- Data provided
►

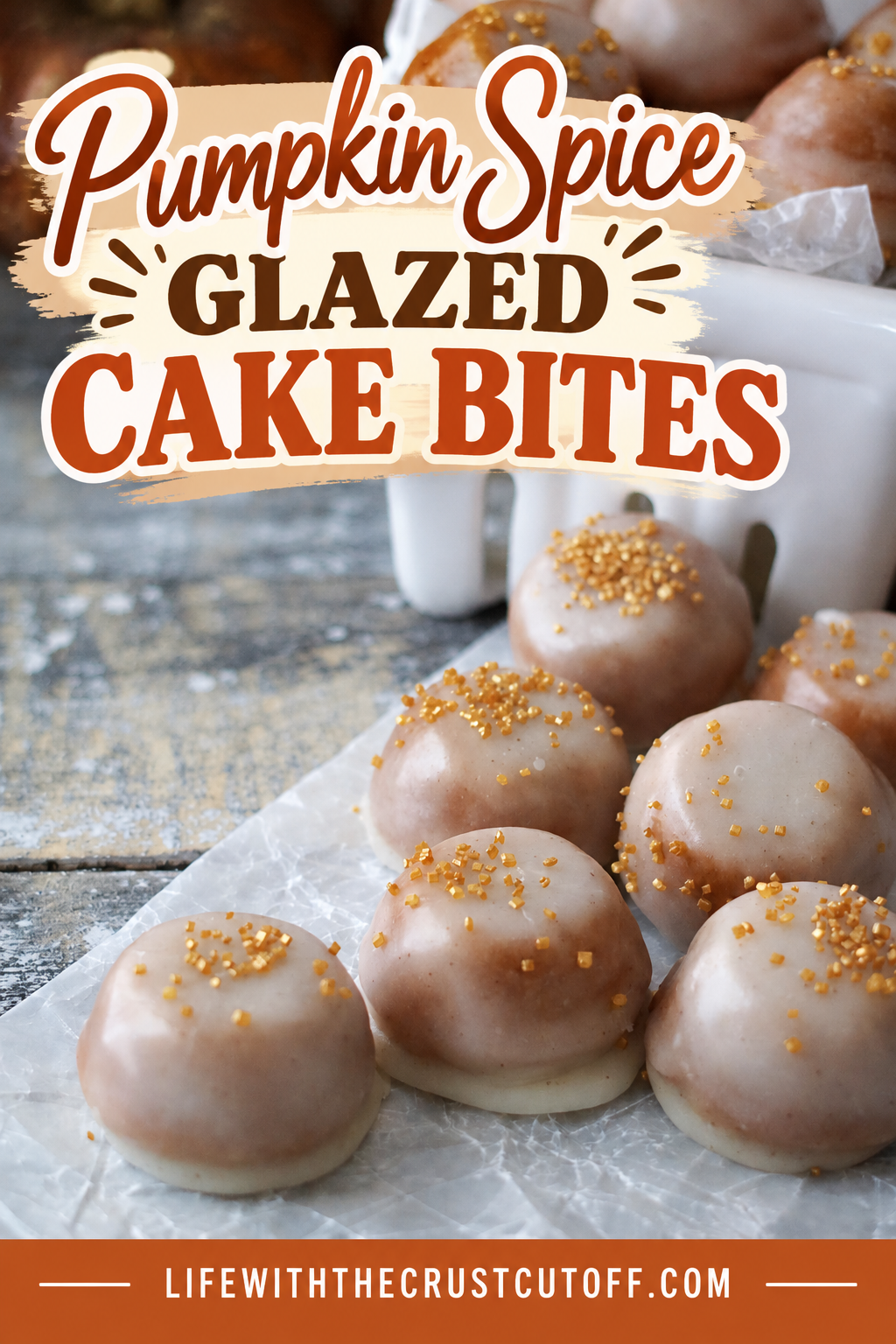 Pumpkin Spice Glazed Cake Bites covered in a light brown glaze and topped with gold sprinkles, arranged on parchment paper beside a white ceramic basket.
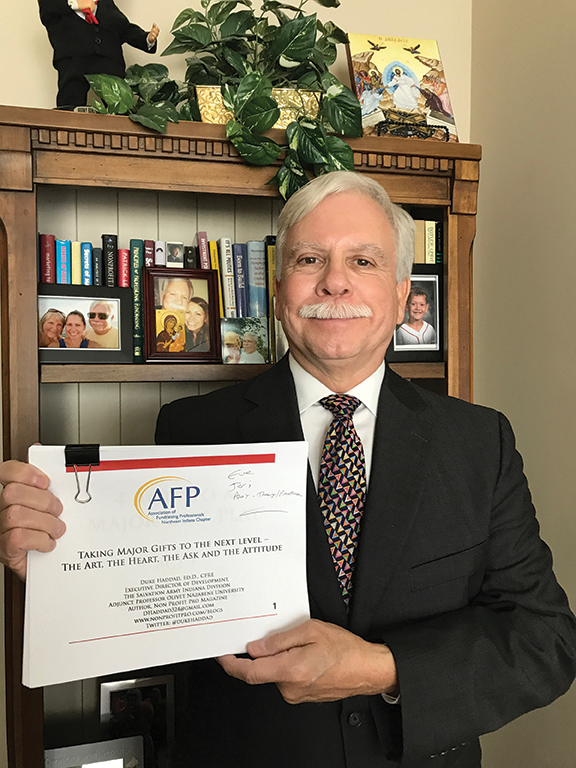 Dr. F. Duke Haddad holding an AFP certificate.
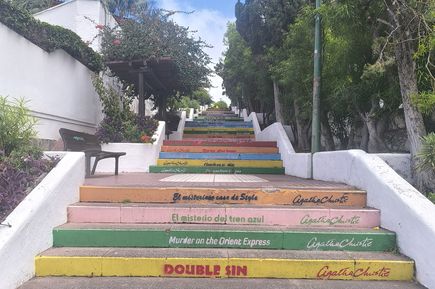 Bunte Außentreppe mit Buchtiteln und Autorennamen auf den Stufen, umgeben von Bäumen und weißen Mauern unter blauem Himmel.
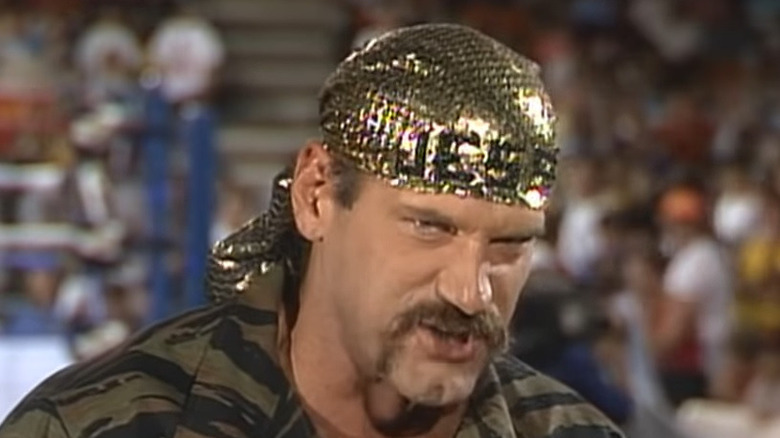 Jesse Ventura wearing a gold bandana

◄
►

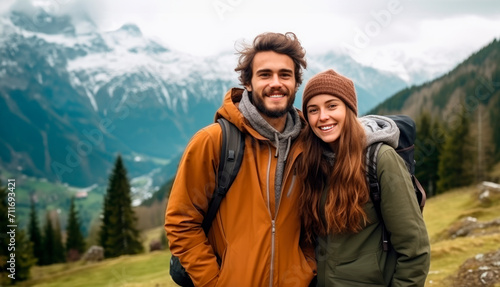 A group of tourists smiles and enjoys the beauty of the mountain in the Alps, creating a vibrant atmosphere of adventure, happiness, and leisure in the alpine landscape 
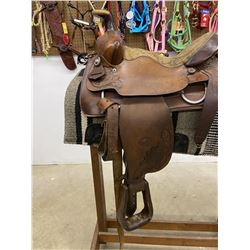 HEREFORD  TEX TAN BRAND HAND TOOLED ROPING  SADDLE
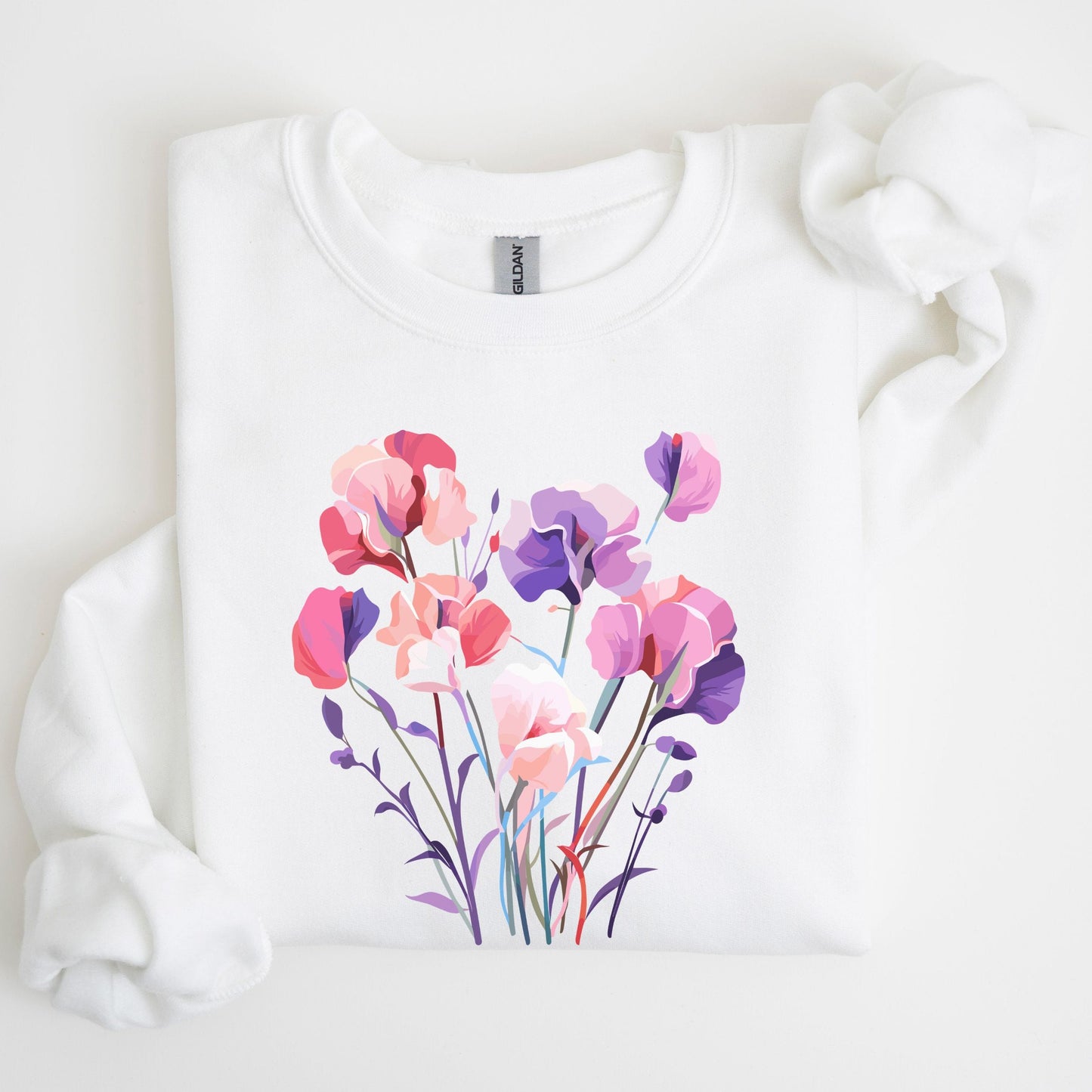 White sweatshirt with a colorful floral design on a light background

◄
►

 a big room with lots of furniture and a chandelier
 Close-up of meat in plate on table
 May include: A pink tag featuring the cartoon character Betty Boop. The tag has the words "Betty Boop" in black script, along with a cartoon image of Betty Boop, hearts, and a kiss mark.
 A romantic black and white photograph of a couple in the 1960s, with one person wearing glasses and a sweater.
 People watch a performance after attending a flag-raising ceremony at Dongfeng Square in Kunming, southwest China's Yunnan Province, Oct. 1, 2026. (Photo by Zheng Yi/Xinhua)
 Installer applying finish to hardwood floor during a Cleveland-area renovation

◄

- Work item
Text only, no pictures: please print exactly the lines above from the line with "Dr. F. Duke" up to and including the line with "Jesse Ventura wearing a gold bandana", and nothing else.

- Result of this task
 Dr. F. Duke Haddad holding an AFP certificate.
 Bunte Außentreppe mit Buchtiteln und Autorennamen auf den Stufen, umgeben von Bäumen und weißen Mauern unter blauem Himmel.
 Jesse Ventura wearing a gold bandana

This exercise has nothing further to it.